Short descriptive text snippets
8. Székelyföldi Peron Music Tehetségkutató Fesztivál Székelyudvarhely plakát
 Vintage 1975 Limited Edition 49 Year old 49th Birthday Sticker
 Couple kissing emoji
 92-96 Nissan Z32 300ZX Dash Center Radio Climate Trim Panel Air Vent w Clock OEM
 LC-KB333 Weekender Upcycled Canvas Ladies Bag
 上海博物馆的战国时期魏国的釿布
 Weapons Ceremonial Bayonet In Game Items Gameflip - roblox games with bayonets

AIM OF THE EXERCISE ▸
Could you copy exactly the line containing "上海博物馆的战国时期魏国的釿布" and each line after it through the end of the records, and nothing else?

THE COMPLETED TASK ▸
 上海博物馆的战国时期魏国的釿布
 Weapons Ceremonial Bayonet In Game Items Gameflip - roblox games with bayonets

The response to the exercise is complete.